A zeladora foi puxando minha mão. Era gorda, tinha a pela macia e quente. “Não se preocupe”, dizia. “Conheço a melhor costureira do mundo.”

Chegamos a um prédio baixo de seis andares, no condomínio onde morei quando criança. Eu olhava admirada: “Nada aqui envelheceu. Está tudo limpo e bem cuidado”.

Ainda de mãos dadas, subimos uma escada longa, com degraus baixos e fáceis de subir. A zeladora tinha um rosto diferente, estava mais magra e bronzeada, eu imaginava que o exercício tinha feito bem a ela. Finalmente chegamos a um apartamento sem portas nem paredes. Todo aberto, podíamos ver a sala, a cozinha, os banheiros.

No canto da sala, uma menina fazia um longo colar com grãos de arroz que pareciam pérolas. Eu me sentia ainda mais admirada. “Nunca pensei que arroz brilhasse tanto.” No seu colo havia botões, balas de goma e chaveiros, e eu me perguntava: “Nossa, como ela fará tudo combinar?”.

De repente aparecia na sala um homem baixo, muito magro, com os cabelos cobertos por um lenço vermelho. Ele segurava um pano de prato, secando xícaras de café.

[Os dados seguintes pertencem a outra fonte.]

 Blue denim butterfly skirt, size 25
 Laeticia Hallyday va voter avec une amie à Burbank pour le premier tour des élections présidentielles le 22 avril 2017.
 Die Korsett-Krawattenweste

A zeladora havia desaparecido. Eu me aproximei do homem e disse: “Preciso de um vestido. Você pode me ajudar?”. Notei que ele tinha as unhas pintadas de lilás."

3 comentários:

Anônimo disse...

gostei desse texto. :)

Paulodaluzmoreira disse...

Eu tbm. Uma mudança interessante em relação ao começo do conto, que parecia bem "pé-no-chão".

sabina anzuategui disse...

Pois é. No meio do caminho, resolvi transformar a cena de memória num sonho.